Pas si inoffensif que ça, le couteau…
- C'est ce que vous appelez une égratignure ?
- Eh bien…
- J'espère que nous ne projetiez pas de devenir médicomage, Miss Granger, sinon il faudra rayer votre nom de l'Ordre des médicomages avant même l'obtention de votre diplôme.
Très drôle.
- Venez.
Il me tira par le poignet.
- Professeur, je peux le nettoyer moi-même, protestai-je.
- Cessez de discuter, dit-il en me serrant plus fermement, comme pour me dissuader de toute tentative d'évasion.
Il me pilota jusqu'au lavabo.
- Lavez-vous les mains, dit-il en farfouillant parmi des fioles posées sur une étagère.
J'ouvris le robinet et rinçai très sommairement la plaie, osant à peine y toucher pour ne pas accentuer la douleur. Rogue revint à côté de moi avec un petit pot d'onguent violet.
- Montrez-moi.
Je le dévisageai, méfiante. Je n'avais pas la moindre envie de me faire triturer une plaie vive par un Rogue impatient.
- Je peux très bien le faire moi-même, insistai-je d'une voix mal assurée.

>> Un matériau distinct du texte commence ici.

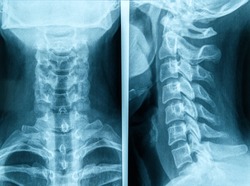 Photo of human neck X-ray image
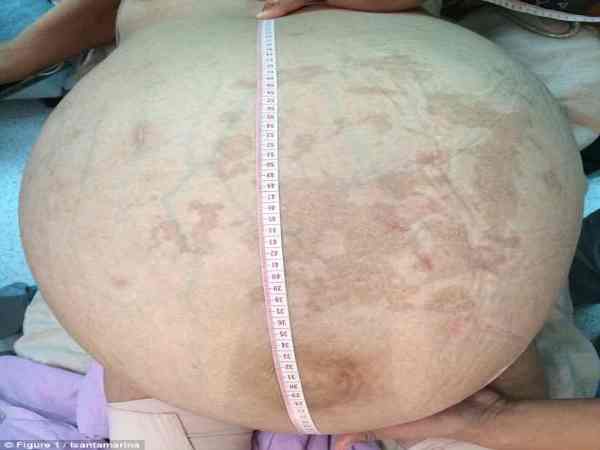 गर्भाशय से निकला ट्यूमर गर्भाशय से निकला ट्यूमर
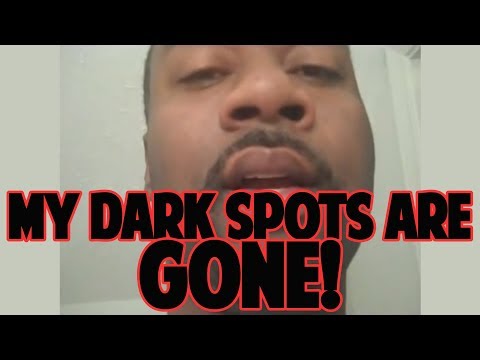 Dark Spot And Hyperpigmentation Treatment - YouTube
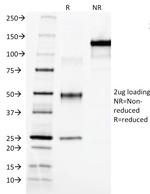 AFP (Alpha Fetoprotein) (Hepatocellular/Germ Cell Tumor Marker) Antibody in SDS-PAGE (SDS-PAGE)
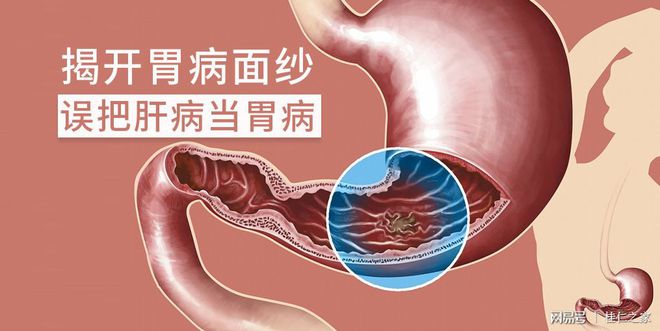 胃病患者到底要不要补硒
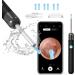 QDCFY Otoscope Ear Camera 1080P HD 3.5mm Ear Cleaning Tool for IOS and Android Smartphones (White) Black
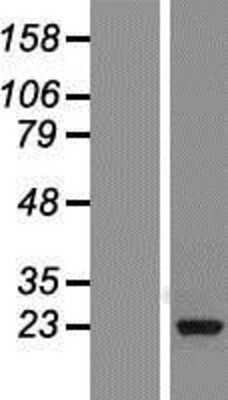 Western Blot: Ran Overexpression Lysate [NBP2-07637]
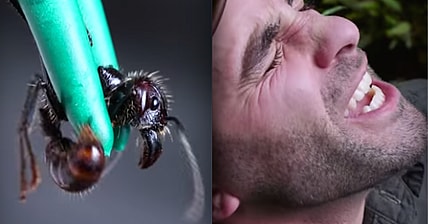 ant sting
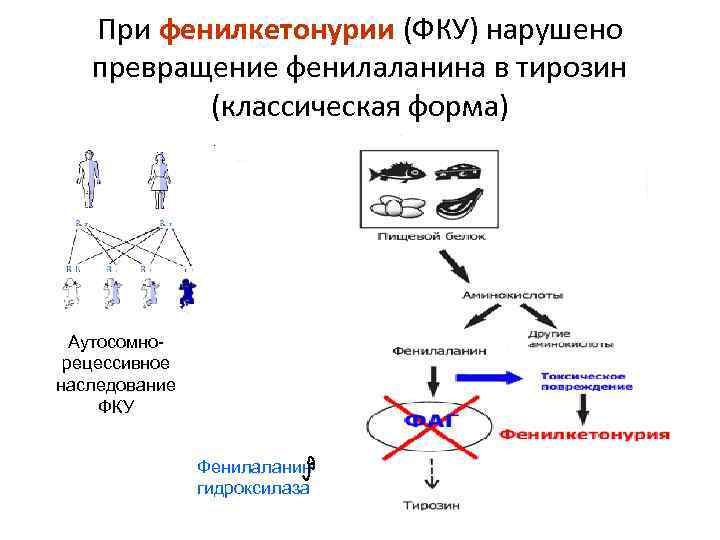 При фенилкетонурии (ФКУ) нарушено превращение фенилаланина в тирозин (классическая форма) Аутосомнорецессивное наследование ФКУ Фенилаланин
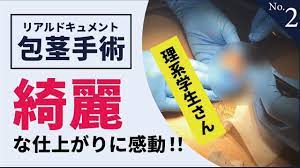 YouTube動画】理系学生さん 綺麗な仕上がりに感動！ | 包茎手術リアルドキュメント カルテNo,1｜メンズ美容TV by セイコメディカル |  鹿児島・福岡・東京 男性治療専門外来 セイコメディカルビューティクリニック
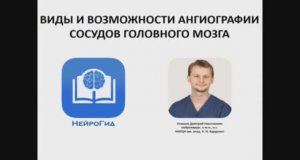 Виды и возможности ангиографии сосудов головного мозга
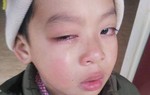 Lạng Sơn: Học sinh có nguy cơ hỏng mắt, nghi do bị cô giáo dùng thước đánh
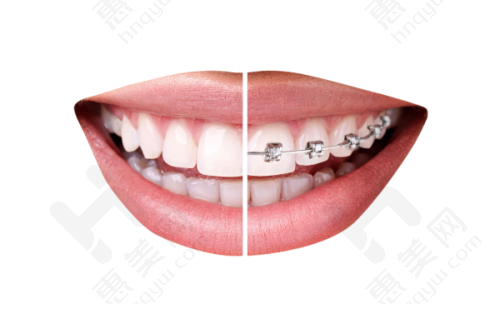 盐城雅洁口腔门诊部配备精良设备与技术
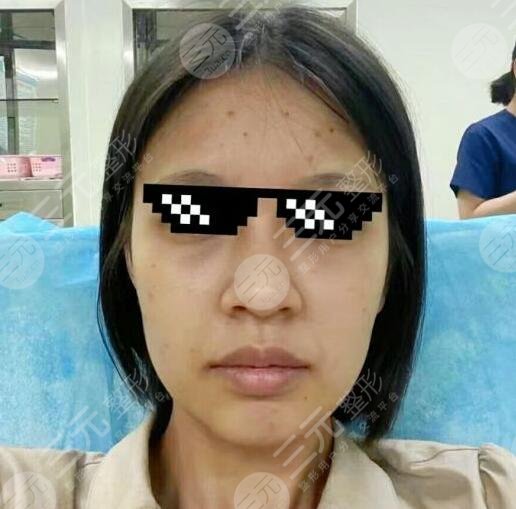 7d聚拉提體驗果圖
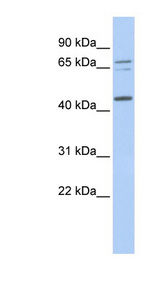QTRT1 Antibody - QTRT1 antibody Western blot of MCF7 cell lysate. This image was taken for the unconjugated form of this product. Other forms have not been tested.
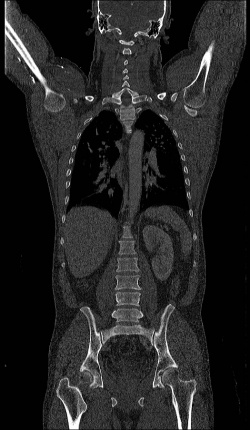 Photo: Polytrauma-Ganzkörper-CT im Schockraum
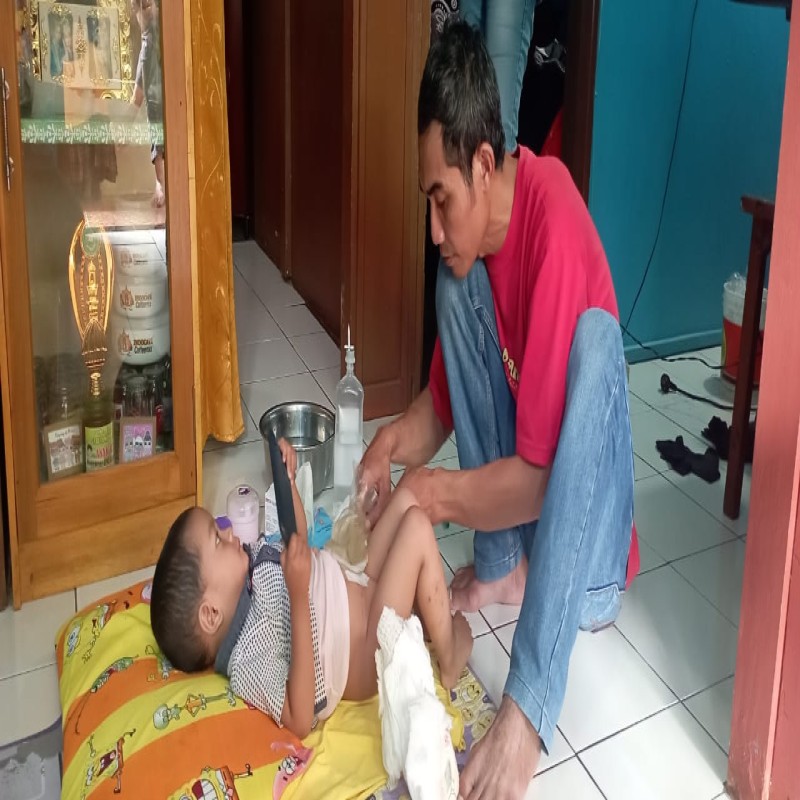 DITINGGAL IBU SEJAK LAHIR, BAYI RANDIANSAH USUSNYA KELUAR  DAN PERLU OPERASI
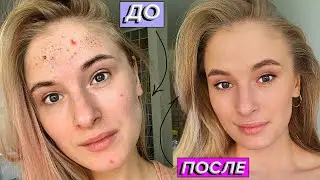 HOW TO GET RID OF ACNE | THE REAL WAY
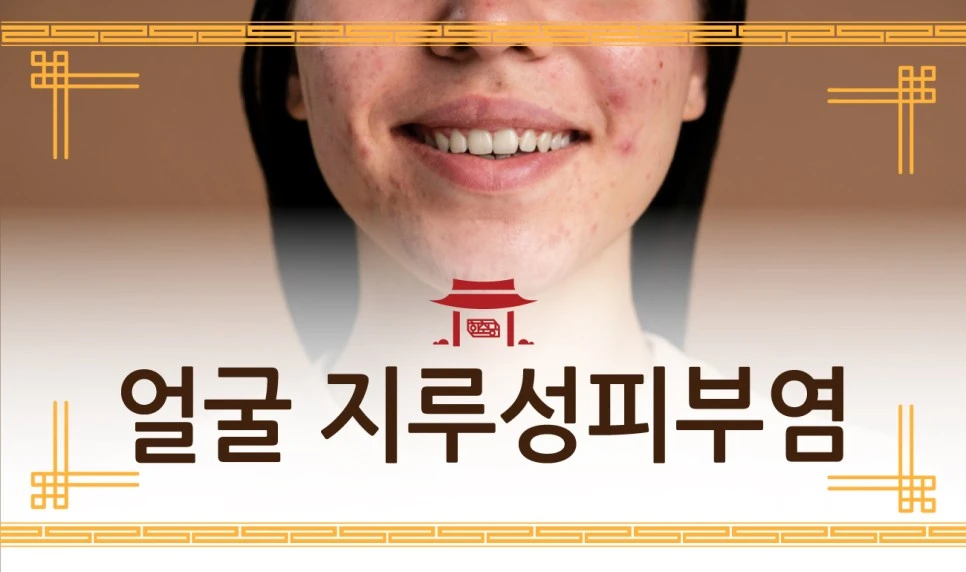 231129_%EC%A7%80%EB%A3%A8%EC%84%B1%ED%94%BC%EB%B6%80%EC%97%BC01.jpg?type=w966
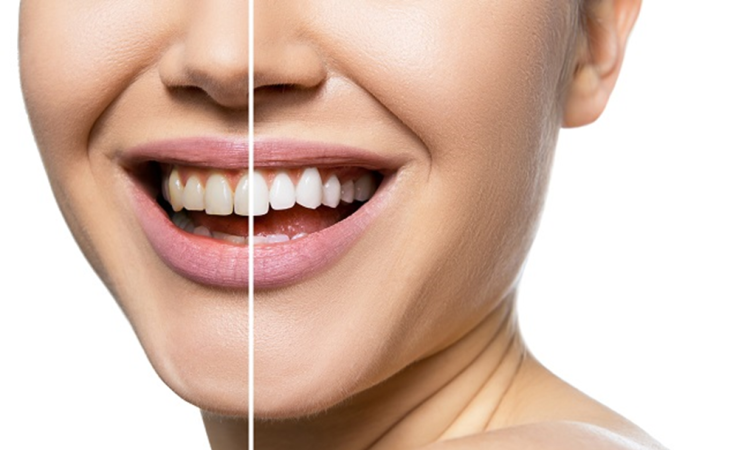 Begini Cara Memutihkan Gigi yang Kuning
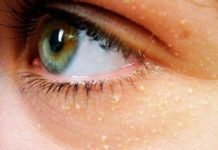 Как удалить жировик на лице — рецепты домашнего использования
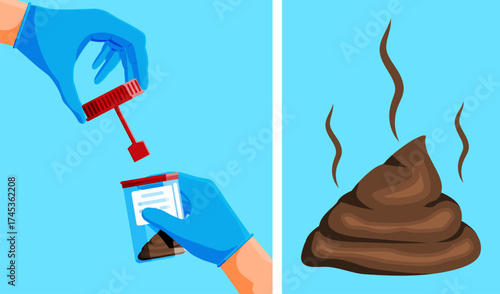 Hand with medical glove holding a stool sample container with a fresh feces pile emitting an odor. Illustration of medical fecal examination for diagnostics.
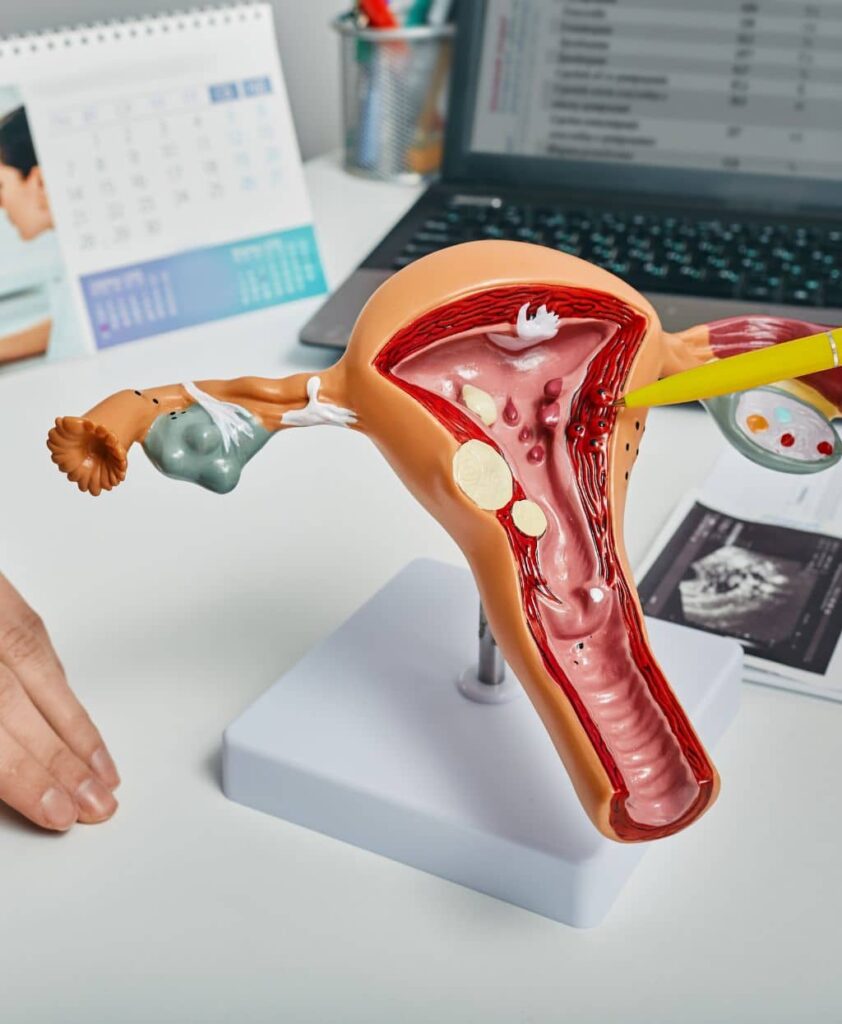 Vagina Tightening Treatment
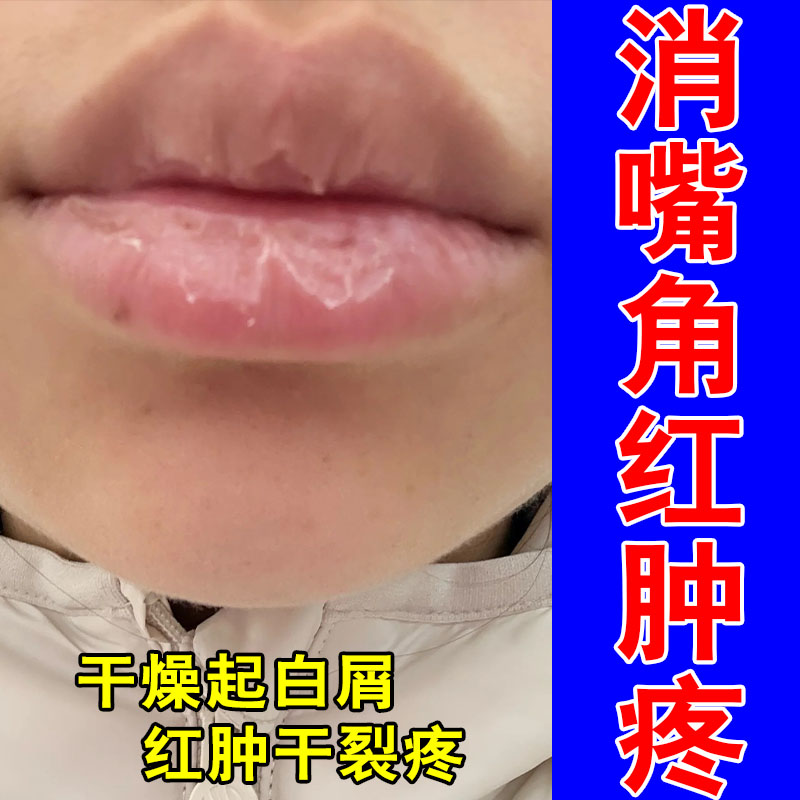 唇润嘴唇干裂脱皮滋润口角干燥起皮冶成人修护草本保湿膏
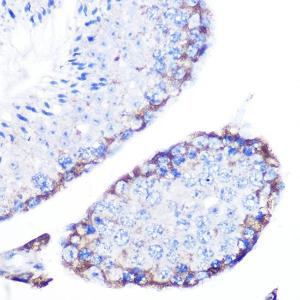 Immunohistochemistry analysis of paraffin-embedded mouse testis using Anti-PMP70 Antibody (A306728) at a dilution of 1:100 (40x lens). Perform microwave antigen retrieval with 10 mM Tris/EDTA buffer pH 9.0 before commencing with IHC staining protocol.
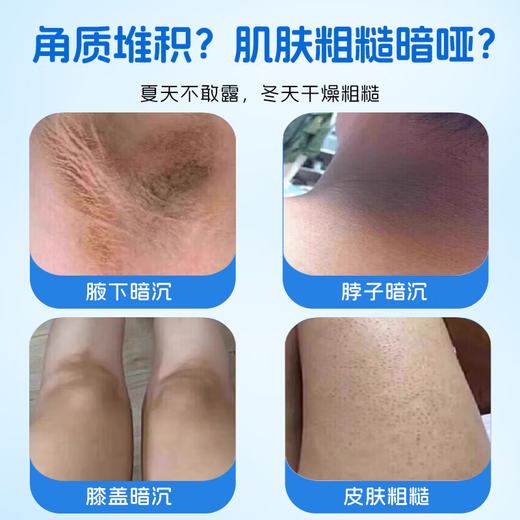 Sakose Vaseline Vitamin A Acid Cream + Vitamin E Urea Cream Fruit Acid Combination Relieves Dry and Peeling Chicken Skin and Refreshes it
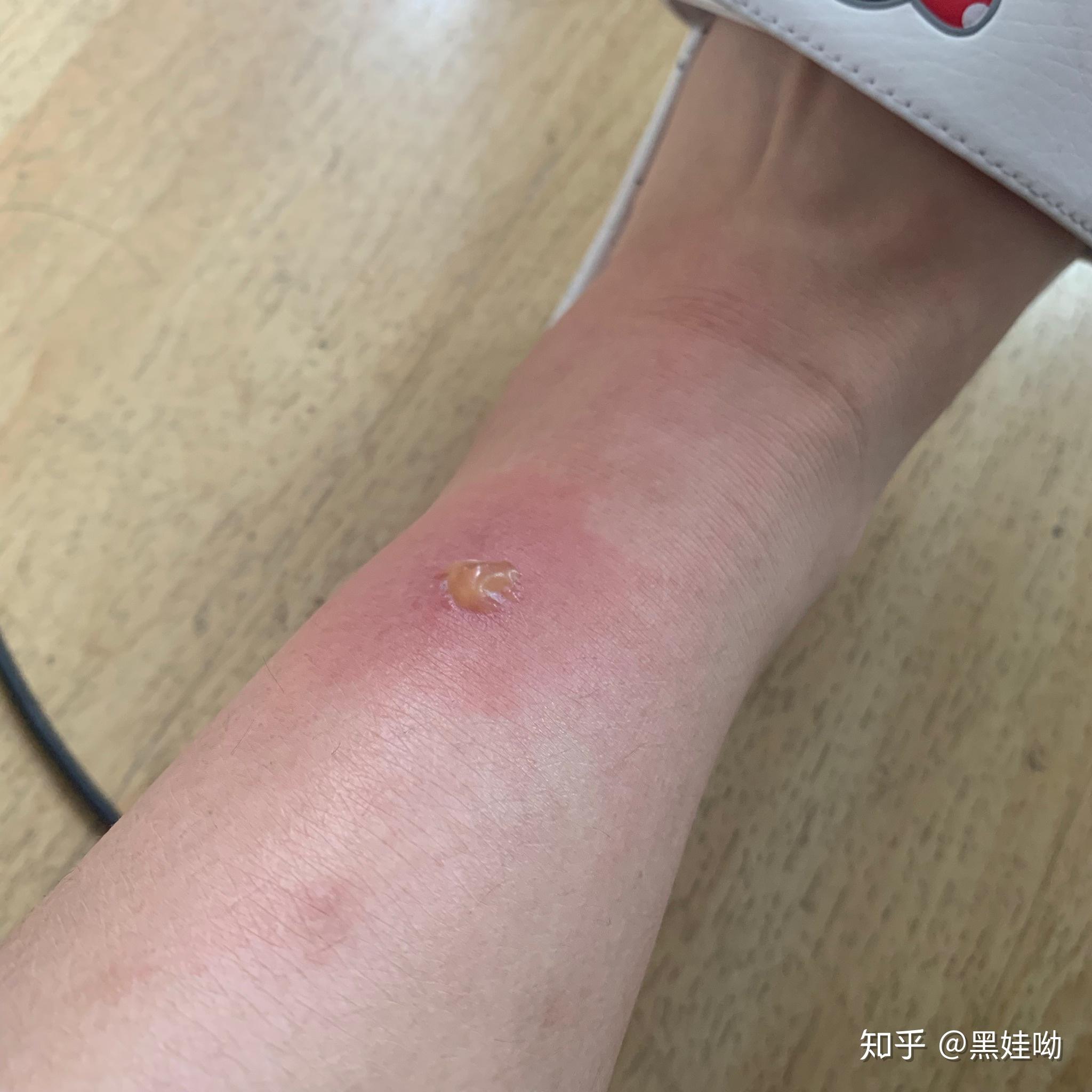 被蚊子咬的包第二天都肿的特别大怎办? - 知乎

Il me lança un regard noir.
- Miss Granger, vous êtes désespérément récalcitrante. Je ne vais pas vous amputer le doigt. Montrez-le-moi.
Résignée, je lui tendis la main. Il la prit et se mit à enduire copieusement mon index d'onguent violet. Un maudit onguent qui brûlait. Je serrai les dents. Les gestes de Rogue n'étaient pas brusques, mais il me faisait mal quand même.
- Où donc aviez-vous les yeux posés pour vous couper aussi profondément ? demanda-t-il en enrubannant ensuite la plaie.
Je rencontrai ses yeux noirs.
Sur vos mains.
- Nulle part. Simple maladresse de ma part.
Il haussa un sourcil et je baissai les yeux, me maudissant d'avoir le mauvais goût de rougir à ce moment précis.
- À l'avenir, j'apprécierais que vous regardiez ce que vous faites. Ça nous évitera de gaspiller un temps précieux.
Il relâcha enfin ma main et revint à la table.
- Qu'est-ce que c'est que ce vieux couteau ? gronda-t-il en désignant la lame tachée de sang. Vous étiez un véritable danger public, avec cet instrument à la main. Estimez-vous heureuse de ne pas vous être déjà crevé un œil.
N'importe quoi.
- Evasnesco.
- Mais… !
- Je ne veux pas que mes assistants travaillent avec des instruments inadéquats. Allez vous procurer un nouveau couteau.
Sa requête me fit l'effet d'une douche froide.
- Pardon ? Maintenant, tout de suite ?
- Évidemment. Les potions ne se finiront pas toutes seules.
- Mais où donc ?
- Chez O'Riley.
Pas lui !
- Dépêchez-vous. Je vous accorde dix minutes.